What moved him most was to see that he too was there in the boy’s dreams. He felt a rush of affection at being trusted and given a place in what Lachlan Beattie had laid up to himself, but also a fearful protectiveness that Lachlan, if he had perceived it, would have resented.
He was just a child! The realisation shocked Gemmy but settled him too. It was not often here that he could reclaim a sense of himself as a grown man.
6
FROM THE BEGINNING there were those among them, Ned Corcoran was the most vehement, for whom the only way of dealing with blacks was the one that had been given scope elsewhere. ‘We ought to go out,’ he insisted, controlling the spit that flooded his mouth, ‘and get rid of ’em, once and for all. If I catch one of the buggers round my place, I’ll fuckin’ pot ’im.’ He jerked out the last couple of syllables, and the explosion they made, and the silence afterwards, made some men uncomfortably hot. The rest shifted their boots but did not speak. They were not so candid as Ned Corcoran, but did not essentially disagree with him. It was the quickest way; the kindest too maybe, in the long run. They had seen what happened to blacks in places where the locals were kind. It wasn’t a pleasant sight.
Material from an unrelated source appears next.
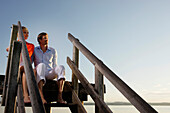 Couple sitting on a jetty at Lake Starnberg, Bavaria, Germany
But there were others, the milder members of the settlement, who argued that it was surely worth trying a softer policy. What they looked forward to was a settled space in which they could get on with the hard task of founding a home, and maybe, if they were lucky, a town where in time all the civilities would prevail. If they got the preliminaries right, the natives too might be drawn in, as labourers, or house-servants. They had secretly, some of them, a vision of plantations with black figures moving in rows down a field, a compound with neat whitewashed huts, a hallway, all polished wood, with an old grey-haired black saying ‘Yessir’, and preparing to pull off their boots (all this off in the future of course, maybe far off; for the moment they would not mention the boots since most of them did not have any). They ought at least, so they thought, to use this Gemmy fellow to get some reliable information that would temper with fact the fantastic rumours that flew about the place and kept them in a state of permanent anxiety. What haunted them was the endless round of reprisals they would be involved in if one of their number got jumped and speared (as God knows could happen easily enough) and some hothead like Ned Corcoran took it into his head to get up an extermination party.